We first estimate Equation 2 using the student’s randomly assigned teacher’s measure of Teach. Estimates of β1 will produce the intent-to-treat (ITT) effect of assigned teacher quality, as measured by the FFT, on student achievement. To generate the ITT effect, we use the randomly assigned teacher’s measure of Teach from the 2009–2010 school year (2010 Teach). We use this measure instead of the 2011 measure for two reasons. First, the best estimate of the effectiveness of the randomly assigned teacher at the time of randomization is the 2010 measure, which represents the intended teacher quality to which students were randomly assigned. Second, we wish to avoid any influence that nonrandom sorting, postrandomization, may have on the 2011 Teach measure. Moreover, as the 2011 Teach measure is a function of FFT scores based on multiple lesson-specific observations occurring over the course of the school year, this time-varying treatment, if influenced by sorting, is unlikely to best represent the quality of instruction that students were randomly assigned to.
The ITT estimates may meaningfully differ from observed teacher effectiveness, as measured by the FFT, when postrandomization sorting has taken place. To assess the extent of this difference, we next estimate Equation 2 by including the measure of Teach for the student’s actual teacher for the 2010–2011 school year. Comparing the ITT estimates with observed teacher effectiveness will provide insight into the nature of student–teacher sorting and how this sorting may influence the relationship between teacher performance, as measured by the FFT, and student achievement. We discuss these findings in the Results section.
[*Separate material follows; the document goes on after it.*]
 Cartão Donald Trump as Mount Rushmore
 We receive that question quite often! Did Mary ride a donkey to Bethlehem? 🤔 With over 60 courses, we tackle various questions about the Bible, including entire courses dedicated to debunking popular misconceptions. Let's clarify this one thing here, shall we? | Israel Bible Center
Accounting for Noncompliance With Randomization
Subsequent to the random assignment of classes of students to teachers, there was extensive noncompliance with teacher random assignment across each of the six district sites. In the MET study’s full randomization sample, only 30% of students in Memphis complied with their initial teacher random assignment, whereas 54% of students who remained in the same school were noncompliers (22% of students moved to another teacher within the randomization block, while 32% of students remained in the school but ended up in a classroom outside of the exchange group randomization block; White & Rowan, 2012). Noncompliance likely reflects two types of post hoc sorting: (a) students requesting transfers away from their randomly assigned teacher’s class and (b) teachers and/or principals purposefully matching students to teachers. If the movement of students within and outside of randomization blocks is nonrandom, then we can no longer assume that teacher instructional quality is orthogonal to student characteristics.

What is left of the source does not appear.